What you ask though, is how many weeks are covered by a range, not how many weeks are between two dates.

DATEDIFF always uses Sunday when calculating week transitions. This isn't a bug, it's done to ensure the function is deterministic and returns the same value, for every query, no matter the DATEFIRST setting. From the documentation

Specifying SET DATEFIRST has no effect on DATEDIFF. DATEDIFF always uses Sunday as the first day of the week to ensure the function is deterministic.

One solution would be to calculate the difference between the week numbers of the start and end dates, when the first day is Monday. 1 is added to the difference to take account of the first week as well:

SET DATEFIRST 1;
select 1 +datepart(WEEK,'20170131') - datepart(WEEK,'20170101') 

That's a fragile calculation though that breaks if DATEFIRST changes or if one of the dates is on a different year.

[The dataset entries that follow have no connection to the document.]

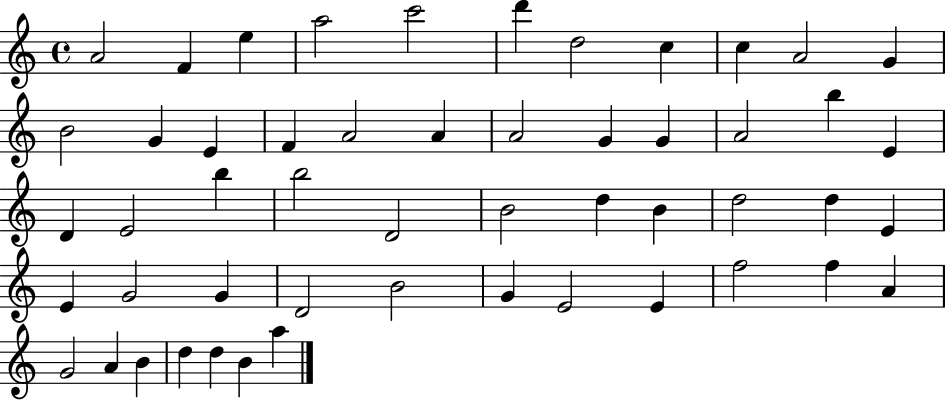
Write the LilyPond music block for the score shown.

{
  \clef treble
  \time 4/4
  \defaultTimeSignature
  \key c \major
  a'2 f'4 e''4 | a''2 c'''2 | d'''4 d''2 c''4 | c''4 a'2 g'4 | \break b'2 g'4 e'4 | f'4 a'2 a'4 | a'2 g'4 g'4 | a'2 b''4 e'4 | \break d'4 e'2 b''4 | b''2 d'2 | b'2 d''4 b'4 | d''2 d''4 e'4 | \break e'4 g'2 g'4 | d'2 b'2 | g'4 e'2 e'4 | f''2 f''4 a'4 | \break g'2 a'4 b'4 | d''4 d''4 b'4 a''4 | \bar "|."
}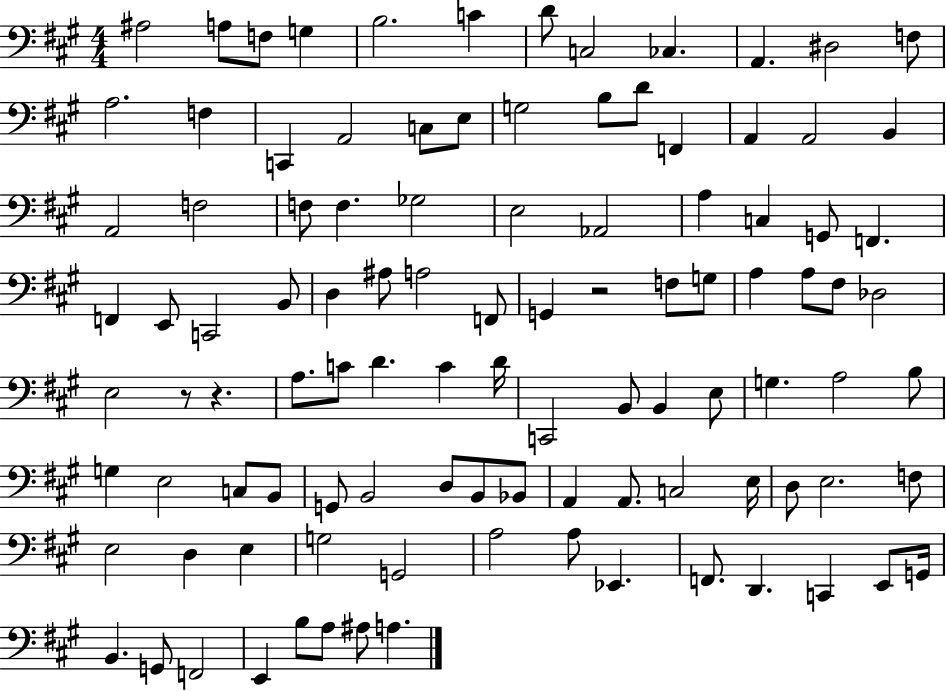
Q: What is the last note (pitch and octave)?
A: A3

You could use ISO Weeks to get rid of SET DATEFIRST:

select 1 +datepart(ISO_WEEK,'20170131') - datepart(ISO_WEEK,'20170101') 

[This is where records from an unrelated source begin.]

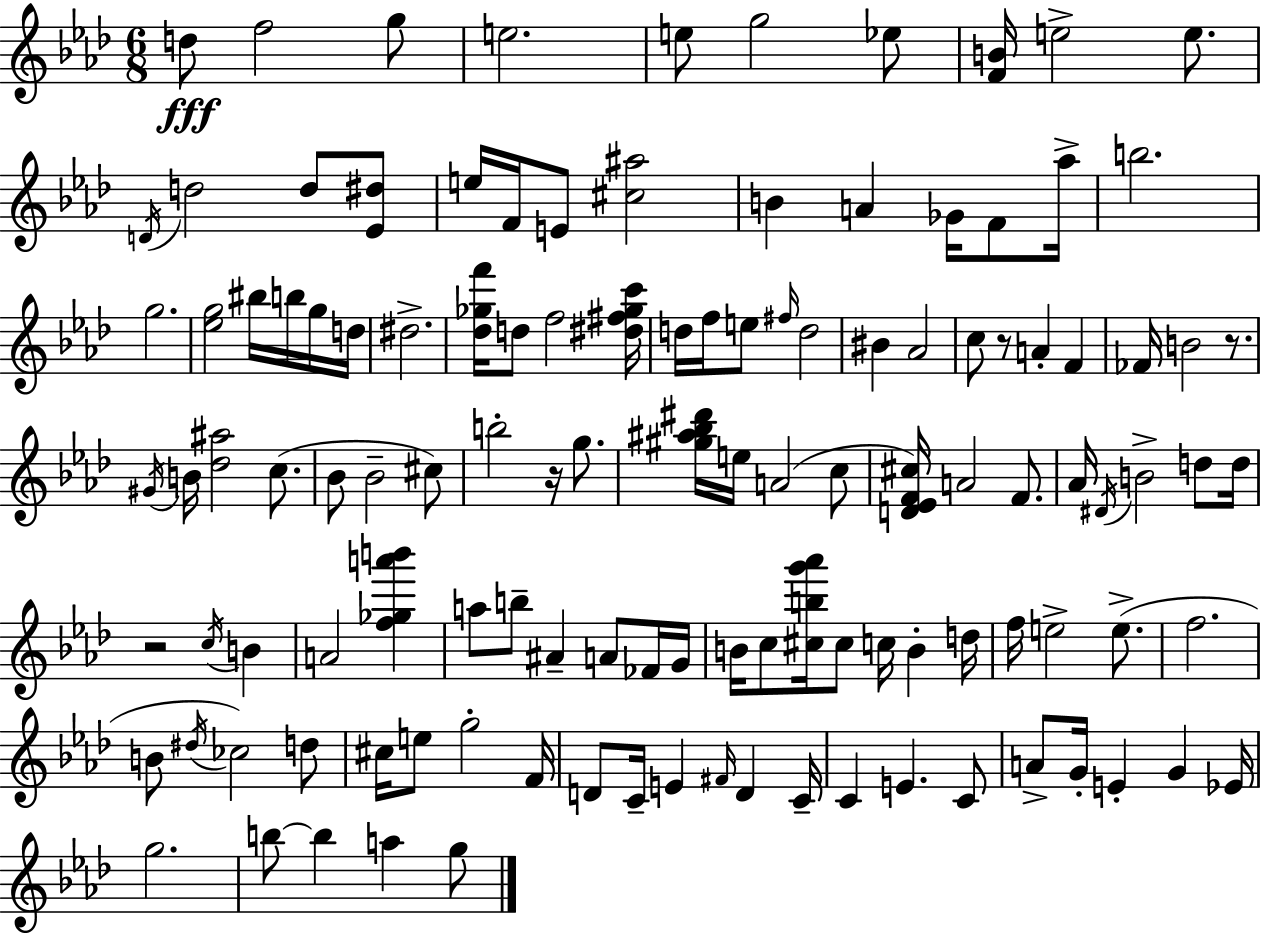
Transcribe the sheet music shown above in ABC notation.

X:1
T:Untitled
M:6/8
L:1/4
K:Fm
d/2 f2 g/2 e2 e/2 g2 _e/2 [FB]/4 e2 e/2 D/4 d2 d/2 [_E^d]/2 e/4 F/4 E/2 [^c^a]2 B A _G/4 F/2 _a/4 b2 g2 [_eg]2 ^b/4 b/4 g/4 d/4 ^d2 [_d_gf']/4 d/2 f2 [^d^f_gc']/4 d/4 f/4 e/2 ^f/4 d2 ^B _A2 c/2 z/2 A F _F/4 B2 z/2 ^G/4 B/4 [_d^a]2 c/2 _B/2 _B2 ^c/2 b2 z/4 g/2 [^g^a_b^d']/4 e/4 A2 c/2 [D_EF^c]/4 A2 F/2 _A/4 ^D/4 B2 d/2 d/4 z2 c/4 B A2 [f_ga'b'] a/2 b/2 ^A A/2 _F/4 G/4 B/4 c/2 [^cbg'_a']/4 ^c/2 c/4 B d/4 f/4 e2 e/2 f2 B/2 ^d/4 _c2 d/2 ^c/4 e/2 g2 F/4 D/2 C/4 E ^F/4 D C/4 C E C/2 A/2 G/4 E G _E/4 g2 b/2 b a g/2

but that would fail for 2017-01-01 because Sunday is counted as Week 52 of the previous year.

A far better solution though would be to count the distinct week numbers using a Calendar table that contains dates and different week numbers to cover multiple business requirements, eg both normal and ISO Week numbers, or business calendars based on a 4-4-5 calendar.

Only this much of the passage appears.